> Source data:
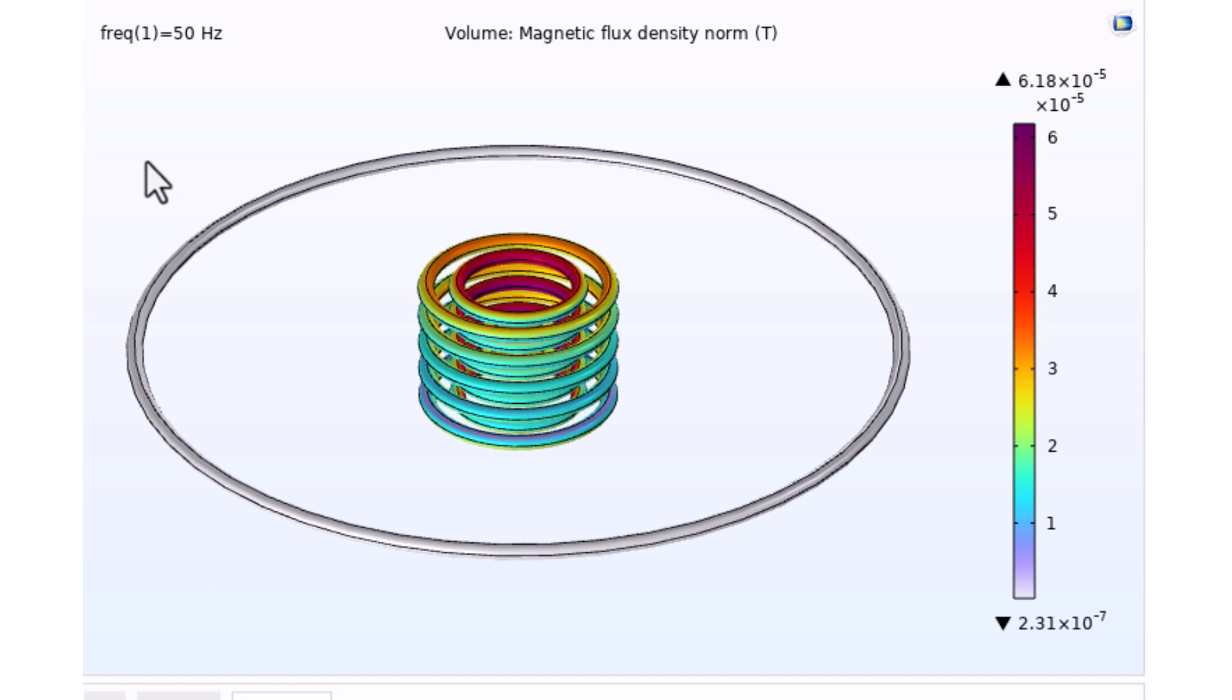In this video, I want to explain how to calculate the self and mutual inductance of these two coils. Let's jump into it.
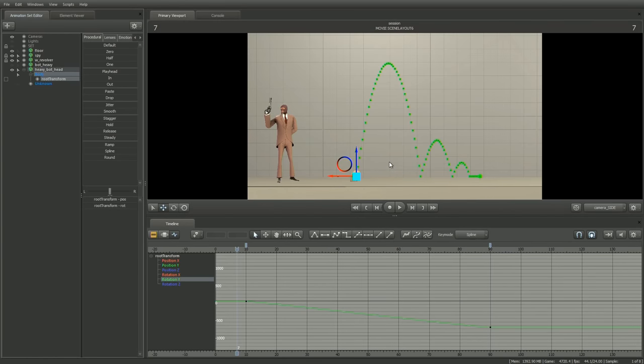Congratulations! We've successfully completed the most basic animation exercise taught to all animators — it's a variation of the bouncing ball exercise, which has been a time-honored way to get students of animation to think through basic animation problems. But generally speaking, we're not going to be animating a lot of balls. Let's take this animation and use it for something useful, like blowing away robots.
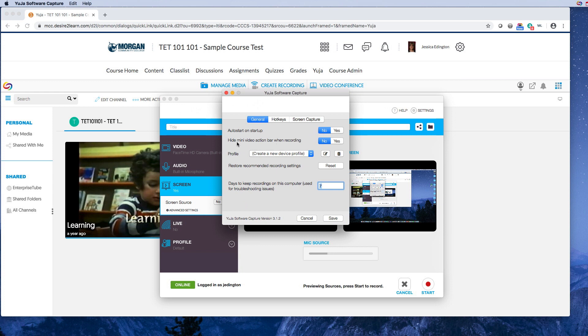And I don't want it to hide the mini video action bar. That's like a tiny little bar where you can pause and stop and start the video. So I'd like to see that every time I record a video.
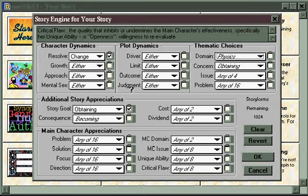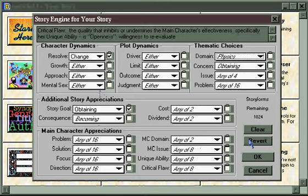To finish out with the features of the Story Engine window, Revert simply puts all the settings back to the way they were when you first opened this window. So if you've done some story structuring elsewhere in Dramatica and you don't like the changes that you've made here, you simply hit Revert and they'll go back to the position that they were when the window first opened. Then you can work from those original settings again to try and find something you like better.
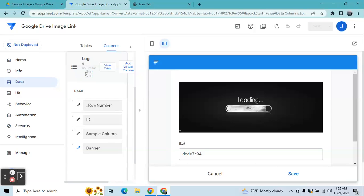So this is how you get the image link directly from Google Drive and show it in AppSheet.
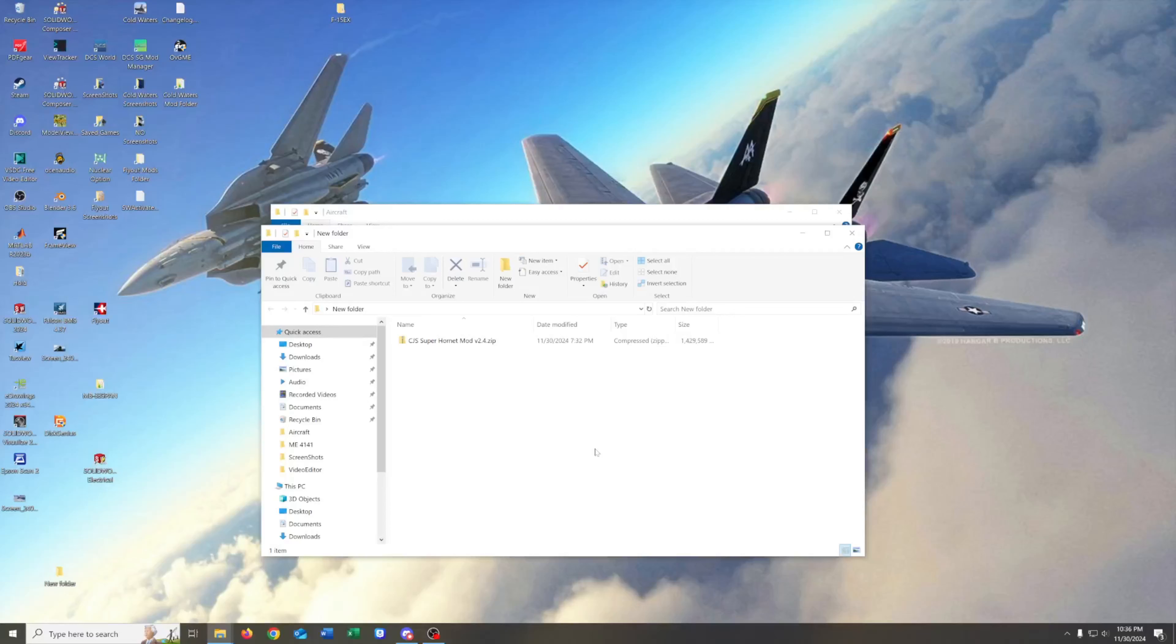Hey guys, welcome back to another video. Normally I don't cover mods like this, but today I thought I'd take a look at version 2.4 of the Super Hornet mod that just recently came out.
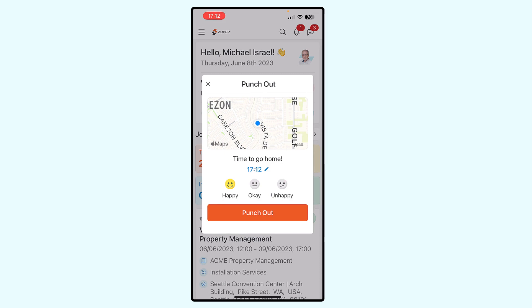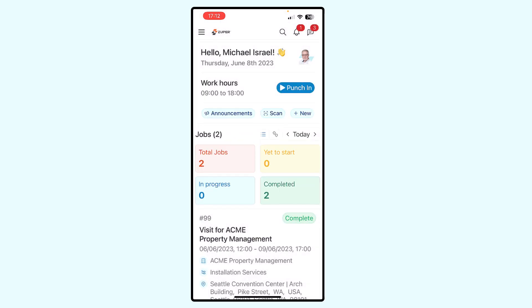When we do that, we also have the option of indicating whether we had a good day, an okay day, or a bad day. So we're going to say, for the sake of argument, that we had a good day today, and we'll punch out. And now we have stopped the time clock, so to speak, and we have punched out for the day. So that's a brief overview of how punch-in, punch-out works. Thank you for listening.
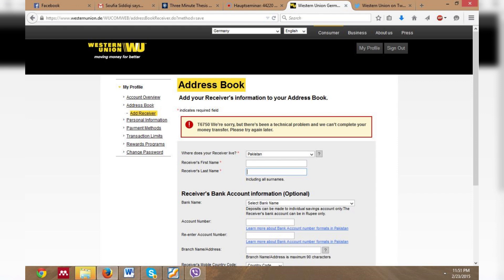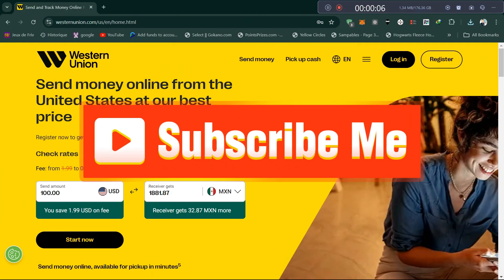If possible, attempt the transaction on a different device or web browser to rule out device-specific issues. Sometimes Western Union may be undergoing maintenance, leading to temporary service disruptions — check their website or social media for server issues.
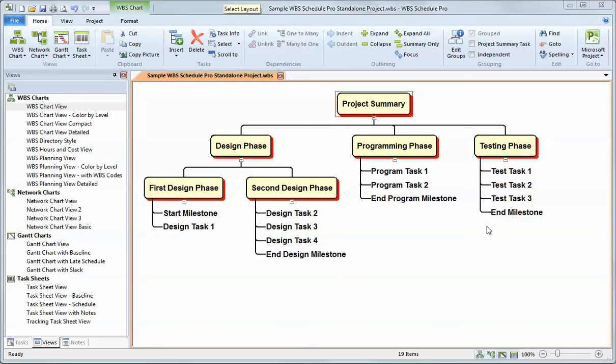Hello, everyone. This video describes how to use WBS charts in the WBS Schedule Pro software. What is a WBS chart? A WBS chart stands for Work Breakdown Structure Chart, and it's a way to organize tasks in a project using a hierarchical or top-down based diagram.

> WORK TASK: Transcribe every line from the records above without alteration, and leave out the images.

> PROBLEM SOLUTION:
In this video, I want to explain how to calculate the self and mutual inductance of these two coils. Let's jump into it.
Congratulations! We've successfully completed the most basic animation exercise taught to all animators — it's a variation of the bouncing ball exercise, which has been a time-honored way to get students of animation to think through basic animation problems. But generally speaking, we're not going to be animating a lot of balls. Let's take this animation and use it for something useful, like blowing away robots.
And I don't want it to hide the mini video action bar. That's like a tiny little bar where you can pause and stop and start the video. So I'd like to see that every time I record a video.
To finish out with the features of the Story Engine window, Revert simply puts all the settings back to the way they were when you first opened this window. So if you've done some story structuring elsewhere in Dramatica and you don't like the changes that you've made here, you simply hit Revert and they'll go back to the position that they were when the window first opened. Then you can work from those original settings again to try and find something you like better.
So this is how you get the image link directly from Google Drive and show it in AppSheet.
Hey guys, welcome back to another video. Normally I don't cover mods like this, but today I thought I'd take a look at version 2.4 of the Super Hornet mod that just recently came out.
When we do that, we also have the option of indicating whether we had a good day, an okay day, or a bad day. So we're going to say, for the sake of argument, that we had a good day today, and we'll punch out. And now we have stopped the time clock, so to speak, and we have punched out for the day. So that's a brief overview of how punch-in, punch-out works. Thank you for listening.
If possible, attempt the transaction on a different device or web browser to rule out device-specific issues. Sometimes Western Union may be undergoing maintenance, leading to temporary service disruptions — check their website or social media for server issues.
Hello, everyone. This video describes how to use WBS charts in the WBS Schedule Pro software. What is a WBS chart? A WBS chart stands for Work Breakdown Structure Chart, and it's a way to organize tasks in a project using a hierarchical or top-down based diagram.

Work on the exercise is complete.